Il suo campo di indagine è rivolto alla ricerca di un profondo legame fra gli essere umani, in grado di renderli consapevoli dell’assurdo di certe manifestazioni, come la guerra o le divisioni di pensiero, volte a recidere il legame stesso.
Camus analizza l’assurdo dell’uomo come condizione alienante e reale, ma non come unica via.
Il suo primo romanzo “Lo Straniero” (1942) rappresenta in immagini quel concetto dell’assurdo che egli stava delineando e che troverà la sua teorizzazione nell’opera successiva “Il Mito di Sisifo”(1942) dove, traendo spunto dalla tradizione greca del re condannato negli inferi a ripetere per l’eternità la fatica di trascinare su per un monte un enorme masso che subito ricade a valle, propone la parabola della vita umana e conferma l’influenza dell’esistenzialismo sul suo pensiero. Inoltre Camus ha visto nell’eroe mitologico il simbolo dell’assurdità dell’esistenza umana sbilanciata tra l’infinità delle aspirazioni e la finitezza delle possibilità e culminante nella vanità di tutti i suoi sforzi. In particolare, l’assurdo scaturisce dal contrasto tra l’insensibilità indifferente dell’universo e il desiderio umano di felicità e chiarezza: “il mondo, in sé, non è ragionevole: è tutto ciò che si può dire. Ma ciò che è assurdo è il confronto di questo irrazionale con il desiderio violento di chiarezza, il cui richiamo risuona nel più profondo dell’uomo. L’assurdo dipende tanto dall’uomo quanto dal mondo, ed è per il momento, il loro solo legame”( dal “Mito di Sisifo”).

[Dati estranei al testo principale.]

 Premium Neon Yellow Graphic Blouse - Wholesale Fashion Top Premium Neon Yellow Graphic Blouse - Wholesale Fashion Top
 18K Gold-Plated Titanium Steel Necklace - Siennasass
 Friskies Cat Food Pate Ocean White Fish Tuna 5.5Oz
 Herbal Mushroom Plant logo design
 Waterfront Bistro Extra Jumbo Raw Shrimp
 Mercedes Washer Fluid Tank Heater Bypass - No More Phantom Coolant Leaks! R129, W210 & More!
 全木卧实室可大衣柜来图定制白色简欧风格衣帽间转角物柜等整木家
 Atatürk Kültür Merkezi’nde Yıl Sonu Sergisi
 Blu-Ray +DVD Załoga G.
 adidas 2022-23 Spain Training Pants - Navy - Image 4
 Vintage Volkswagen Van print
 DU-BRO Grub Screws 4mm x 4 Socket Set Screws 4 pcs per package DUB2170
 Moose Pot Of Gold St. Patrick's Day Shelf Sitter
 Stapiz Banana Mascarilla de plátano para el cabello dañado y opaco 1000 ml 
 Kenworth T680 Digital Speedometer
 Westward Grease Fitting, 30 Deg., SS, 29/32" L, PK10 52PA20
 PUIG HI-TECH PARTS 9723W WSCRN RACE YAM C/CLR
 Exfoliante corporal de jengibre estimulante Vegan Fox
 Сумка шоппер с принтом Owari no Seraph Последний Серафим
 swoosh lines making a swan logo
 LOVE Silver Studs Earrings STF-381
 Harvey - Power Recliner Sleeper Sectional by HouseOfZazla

Queste due opere, insieme con i drammi “Il malinteso” (1944) e “Caligola” (1944), costituiscono il “ciclo dell’assurdo”.
Nella “Peste”(1947), Camus afferma che l’insensatezza dell’esistenza si riscatta attraverso la consapevolezza che l’uomo ha della propria condizione e attraverso la ribellione, la speranza, la solidarietà e il coraggio. Il romanzo inaugurò un nuovo ciclo dedicato a questi valori etici, che comprende “Lo stato d’Assedio”(1948) e “I Giusti”(1949) e termina con il saggio “L’uomo in rivolta”(1951), dove la rivolta metafisica, intesa come “il movimento per il quale un uomo si erge contro la propria condizione e contro l’intera creazione”, è in primo luogo individuale contro la morte e l’assurdo e, in secondo luogo, collettiva tramite la solidarietà.
Quest’ultima opera suscitò un’aspra polemica con Jean - Paul Sartre, che rimproverò all’autore di avere una visione troppo “metafisica” della rivolta e di condannare con la stessa impetuosità il nazismo e lo stalinismo.
Nel 1956 Camus pubblicò il romanzo “La caduta”, nel quale espresse le ragioni della rottura definitiva con l’esistenzialismo e con Sartre.